14. Limitation on Liability. Neither party will be liable for breach-of-contract damages that are remote or speculative, or that the breaching party could not reasonably have foreseen on entry into this agreement.
15. Indemnification. You shall indemnify, defend and hold harmless the Company and its collaborators, suppliers and licensors, and their officers, directors, agents, and employees from and against any claim, proceeding, loss, damage, fine, penalty, interest, and expense (including, without limitation, fees for attorneys and other professional advisors) arising out of or in connection with
15.1 your use of the Site;
15.2 your breach of this agreement;
15.3 violation of Law;
15.4 your submission, posting, or transmission of user content to the website; or
15.5 violation of the rights of a third party.

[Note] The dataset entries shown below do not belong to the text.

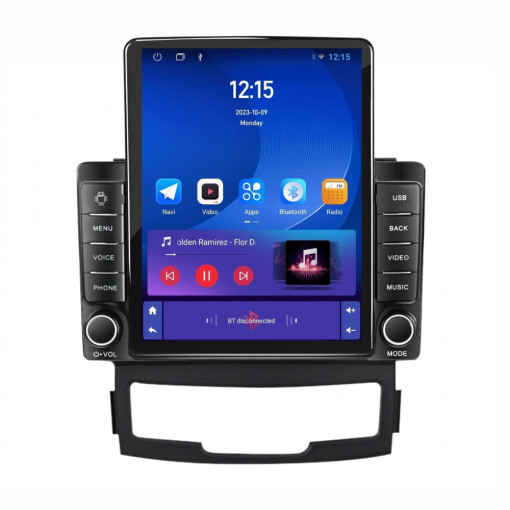 Navigatie dedicata cu Android Ssangyong Korando 2010 - 2013, 1GB RAM, Radio GPS Dual Zone, Touchscreen IPS 9.7" HD tip Tesla, Internet Wi-Fi, Bluetooth, MirrorLink, USB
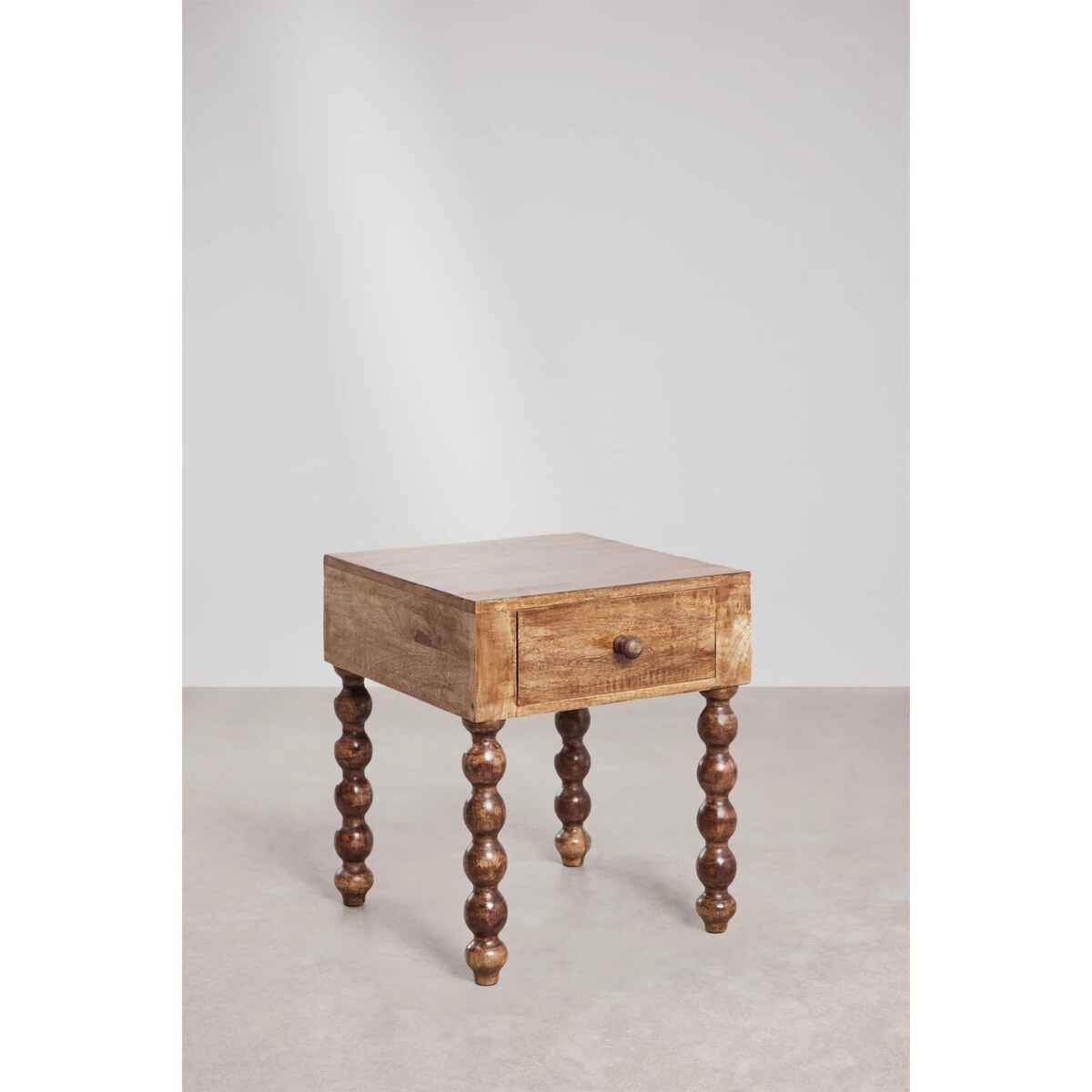 Szafka nocna 45x50 cm z drewna mango Tessaia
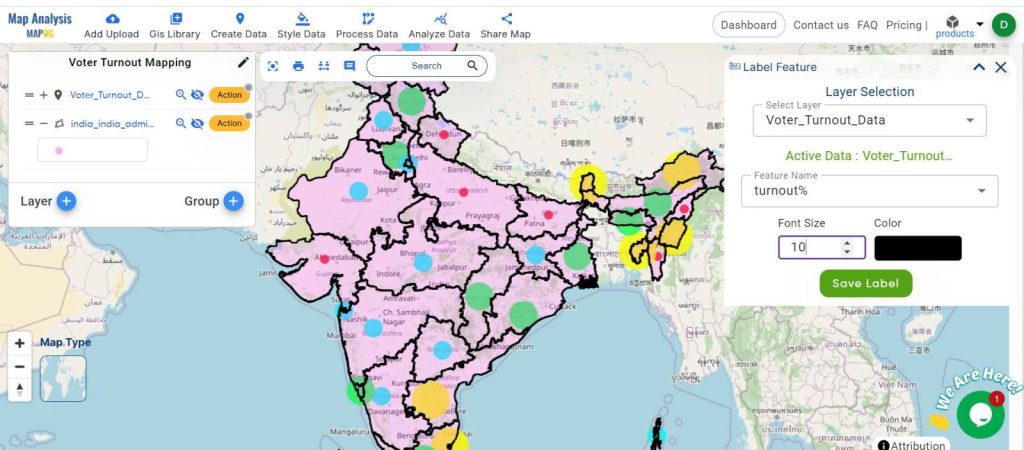 Uncover Voter Turnout Patterns With Bubble Style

16. Feedback. We welcome any comment, question, and communication at http://bluefeathergroup.com/contact.
17. General Provisions
17.1 Governing Law. This agreement will be governed, construed, and enforced in accordance with the laws of the State of Georgia, without regard to its conflict of laws rules.
17.2 Assignment. Neither party may assign this agreement or any of their rights or obligations under this agreement without the other party's written consent.
a. Method of Notice. The parties will give all notices and communications between the parties in writing by (i) personal delivery, (ii) a nationally-recognized, next-day courier service, (iii) first-class registered or certified mail, postage prepaid to the address that a party has notified to be that party's address for the purposes of this section.
b. Receipt of Notice. A notice given under this agreement will be effective on
i. the other party's receipt of it, or
ii. if mailed, the earlier of the other party's receipt of it and the fifth business day after mailing it.
a. Affirmative Waivers. Neither party's failure or neglect to enforce any rights under this agreement will be deemed to be a waiver of that party's rights.
b. Written Waivers. A waiver or extension is only effective if it is in writing and signed by the party granting it.
c. No General Waivers. A party's failure or neglect to enforce any of its rights under this agreement will not be deemed to be a waiver of that or any other of its rights.
d. No Course of Dealing. No single or partial exercise of any right or remedy will preclude any other or further exercise of any right or remedy.
17.5 Severability. If any part of this agreement is declared unenforceable or invalid, the remainder will continue to be valid and enforceable.